(Records excerpted from a collection)
§

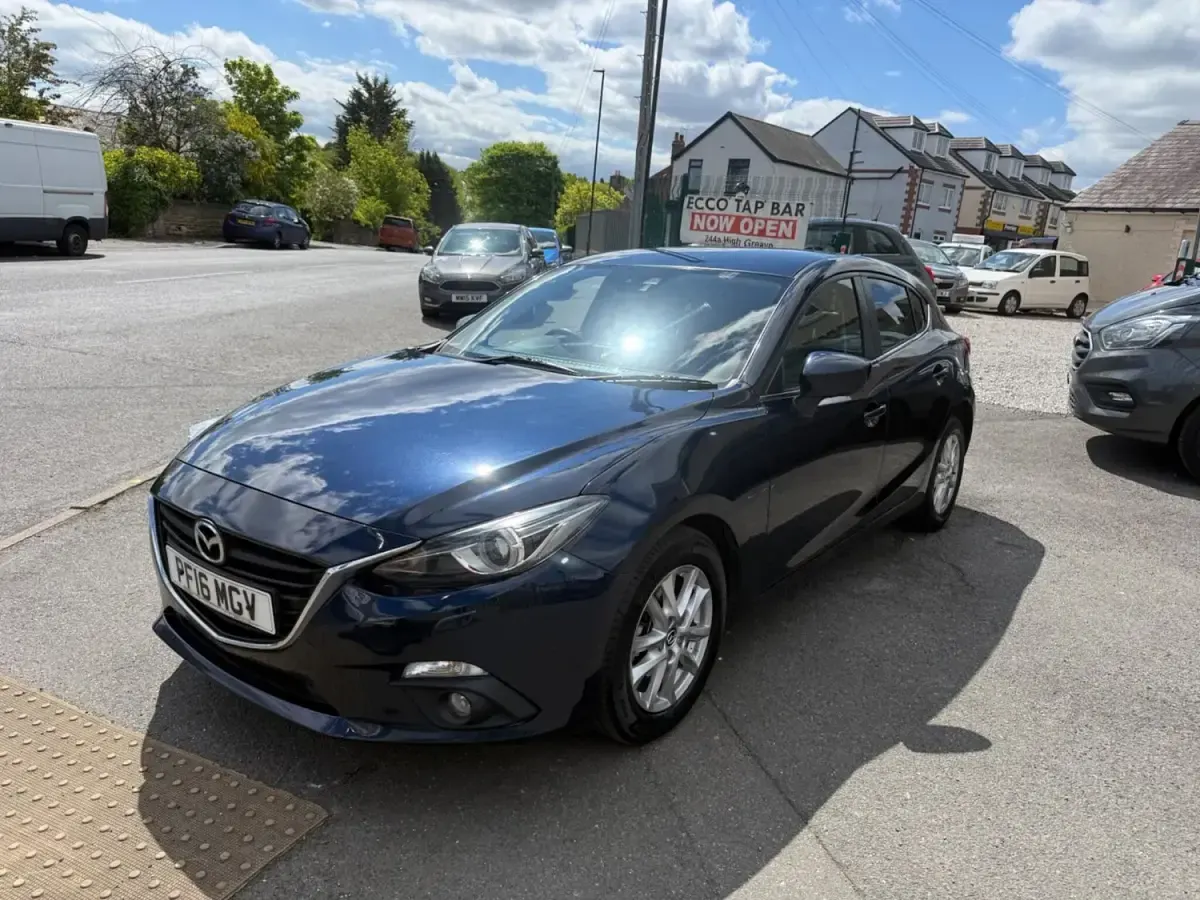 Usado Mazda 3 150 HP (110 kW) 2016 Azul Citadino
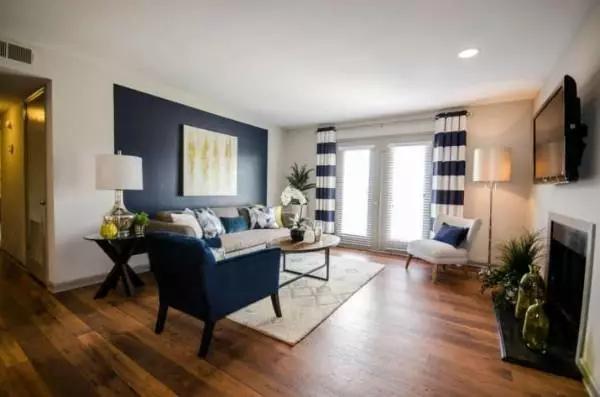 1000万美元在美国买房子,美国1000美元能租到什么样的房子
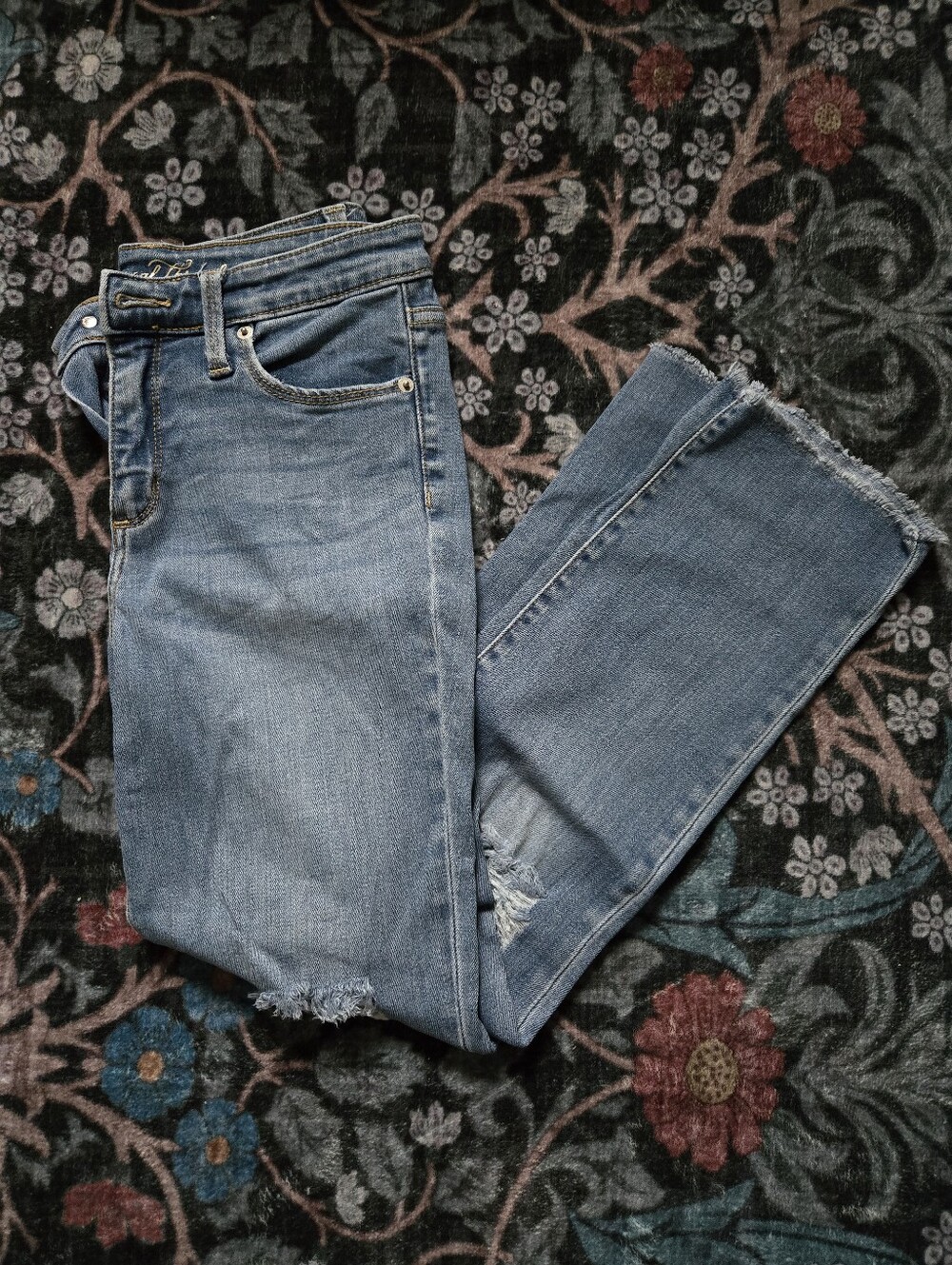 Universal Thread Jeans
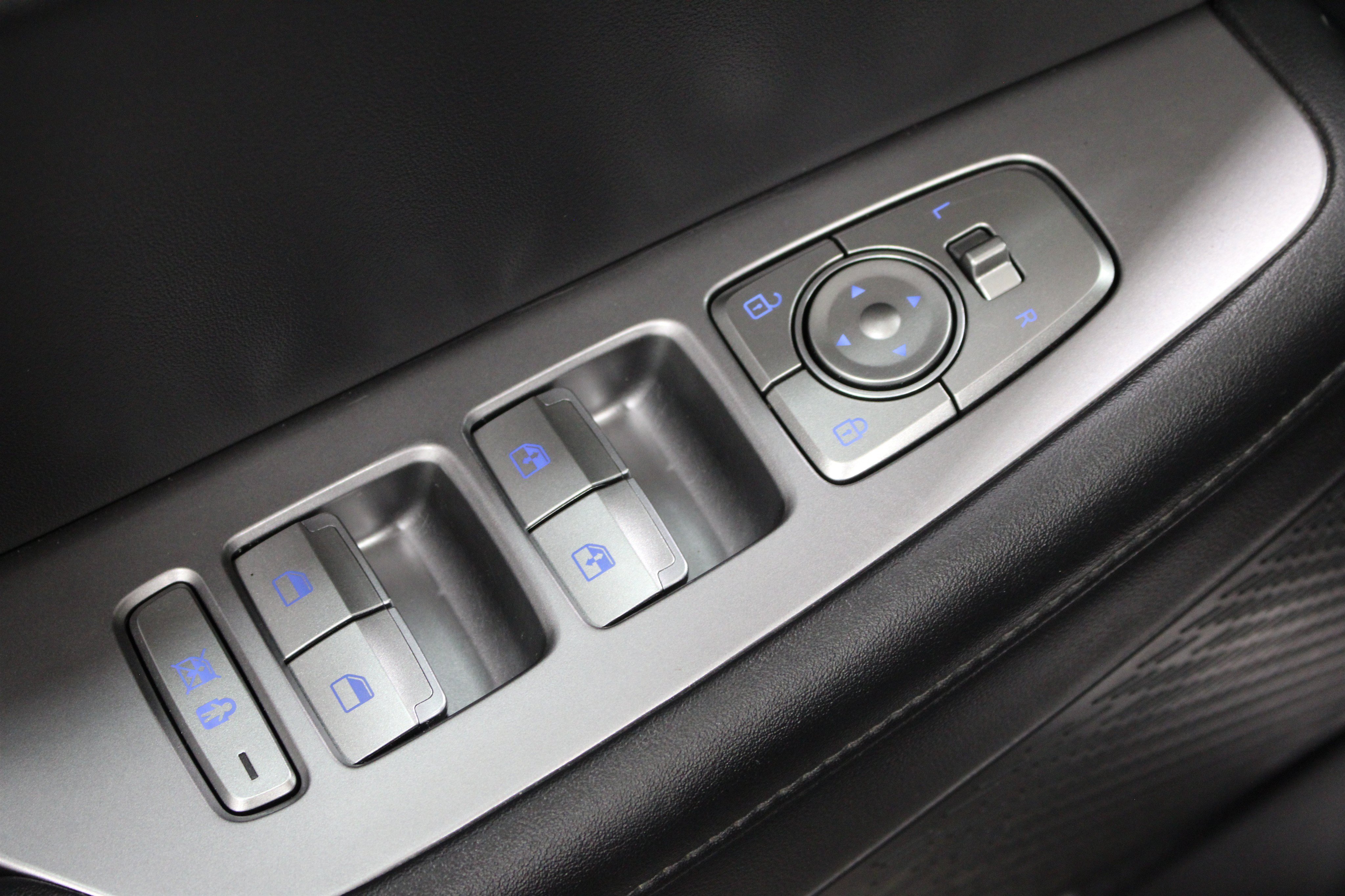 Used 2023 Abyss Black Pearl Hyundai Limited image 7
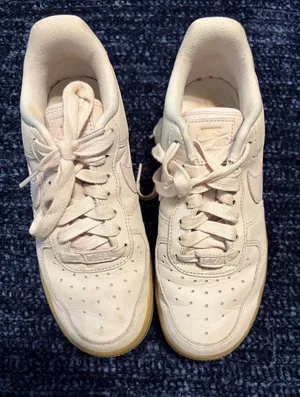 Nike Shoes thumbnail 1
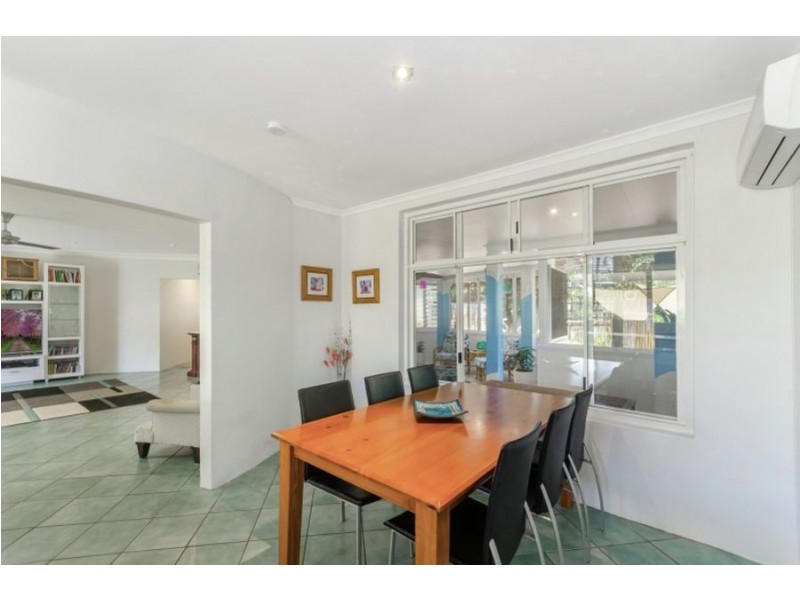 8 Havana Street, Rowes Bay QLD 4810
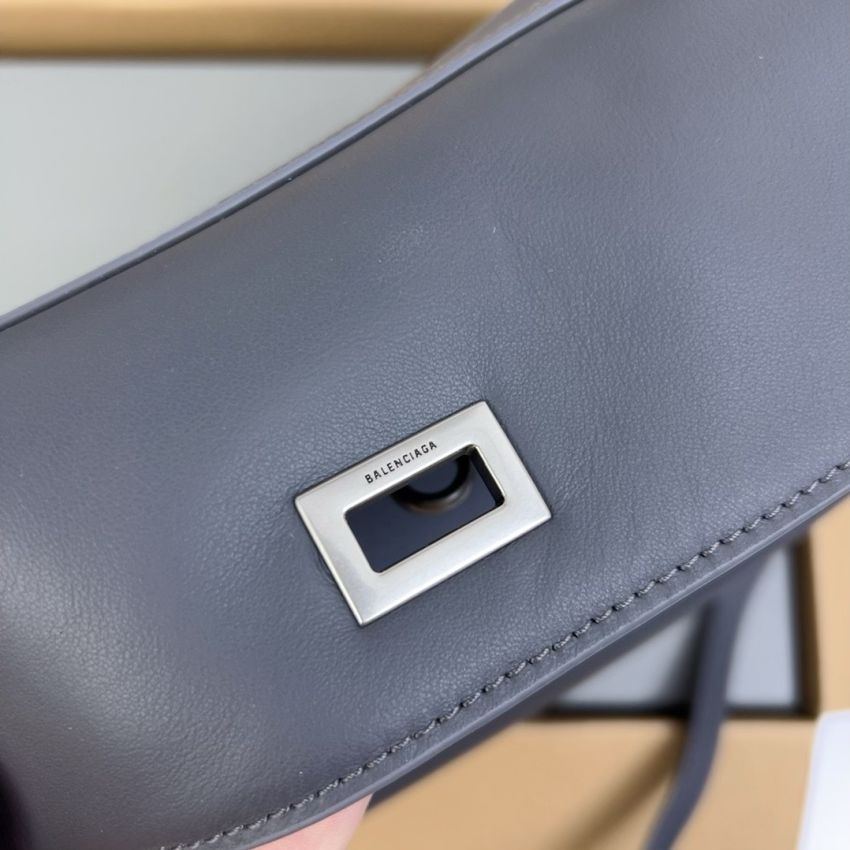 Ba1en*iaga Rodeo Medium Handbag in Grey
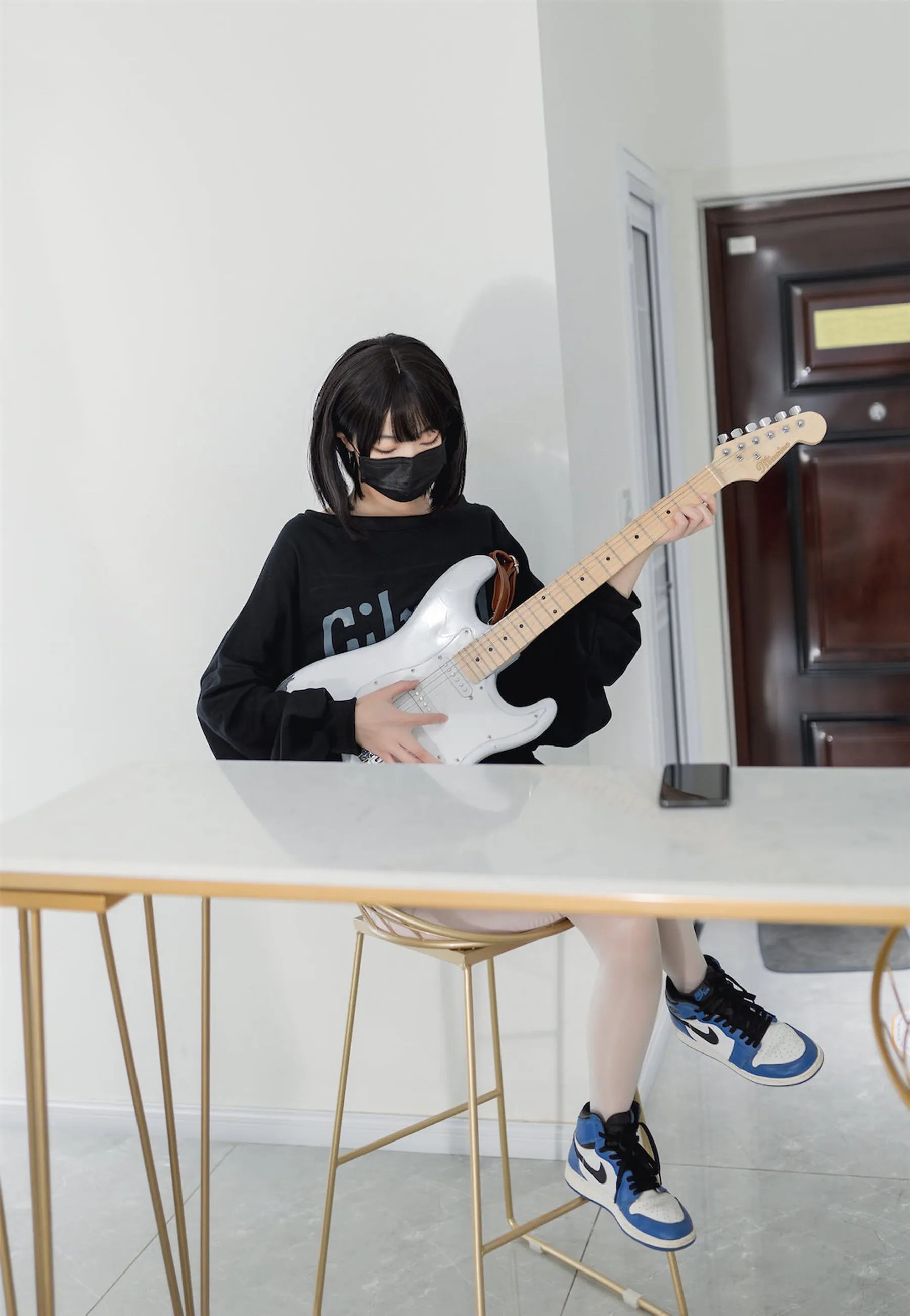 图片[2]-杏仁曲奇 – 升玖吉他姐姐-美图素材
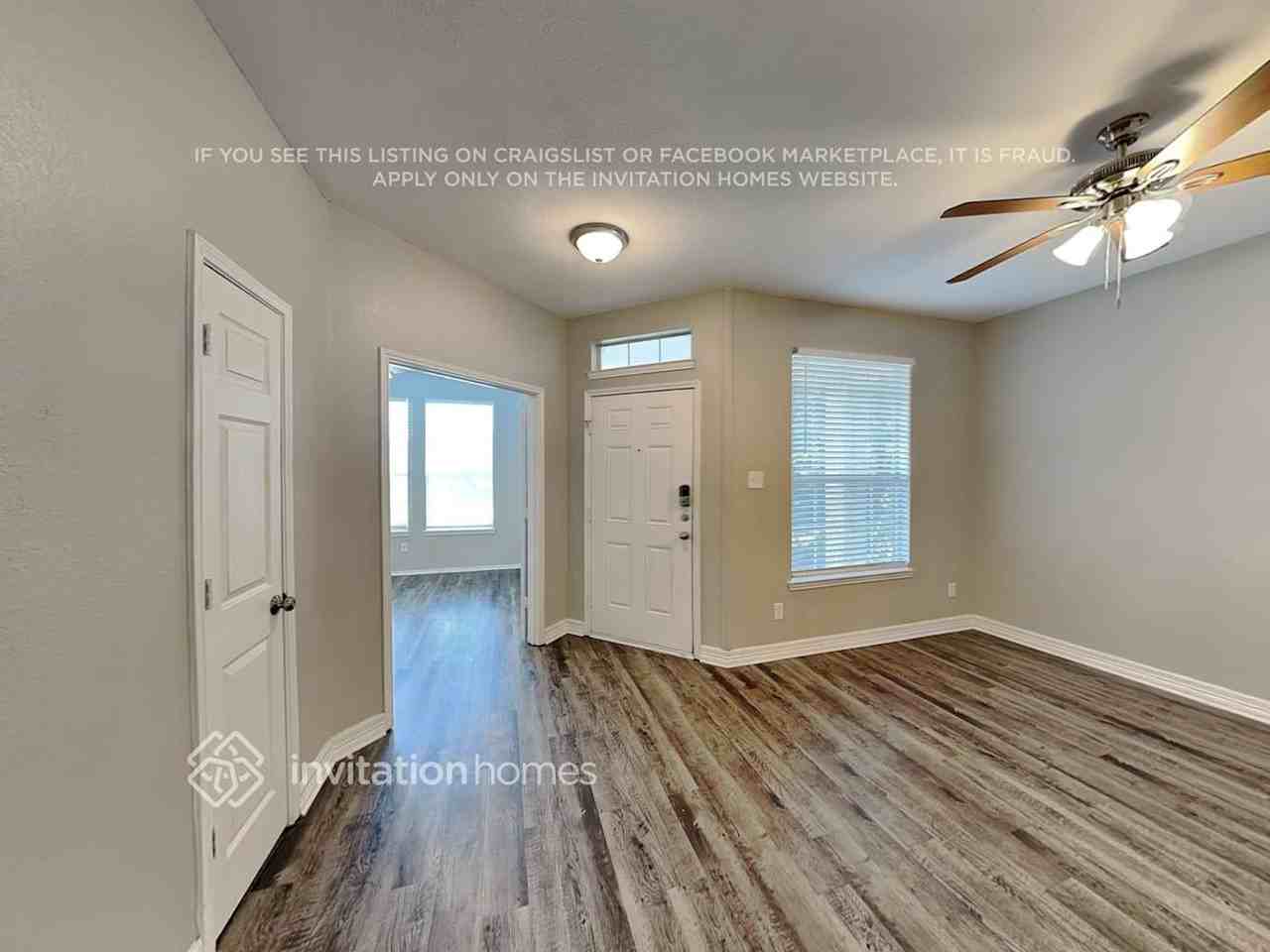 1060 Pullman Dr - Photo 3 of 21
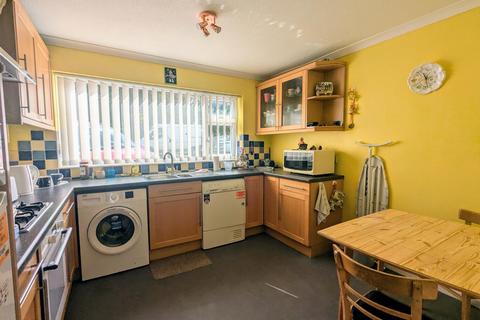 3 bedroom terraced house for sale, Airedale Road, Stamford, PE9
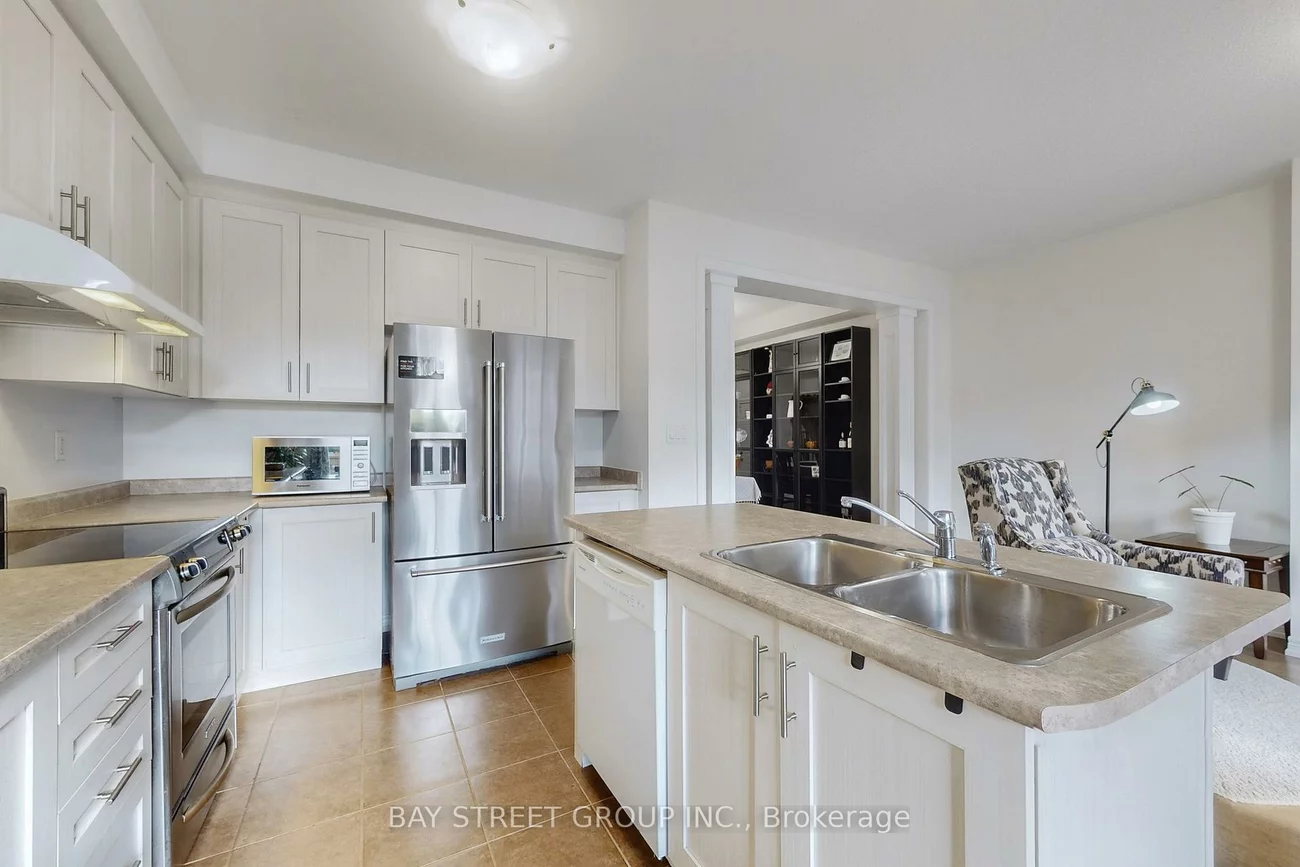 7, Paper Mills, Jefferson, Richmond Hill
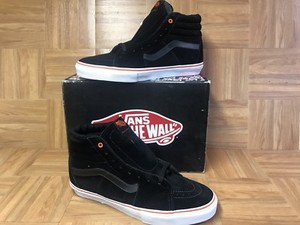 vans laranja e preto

§

What you need to do: Exactly the lines from the one with "Used 2023 Abyss" through the end of the records are to be repeated, both ends included, and pictures are to be omitted.

Response:
 Used 2023 Abyss Black Pearl Hyundai Limited image 7
 Nike Shoes thumbnail 1
 8 Havana Street, Rowes Bay QLD 4810
 Ba1en*iaga Rodeo Medium Handbag in Grey
 图片[2]-杏仁曲奇 – 升玖吉他姐姐-美图素材
 1060 Pullman Dr - Photo 3 of 21
 3 bedroom terraced house for sale, Airedale Road, Stamford, PE9
 7, Paper Mills, Jefferson, Richmond Hill
 vans laranja e preto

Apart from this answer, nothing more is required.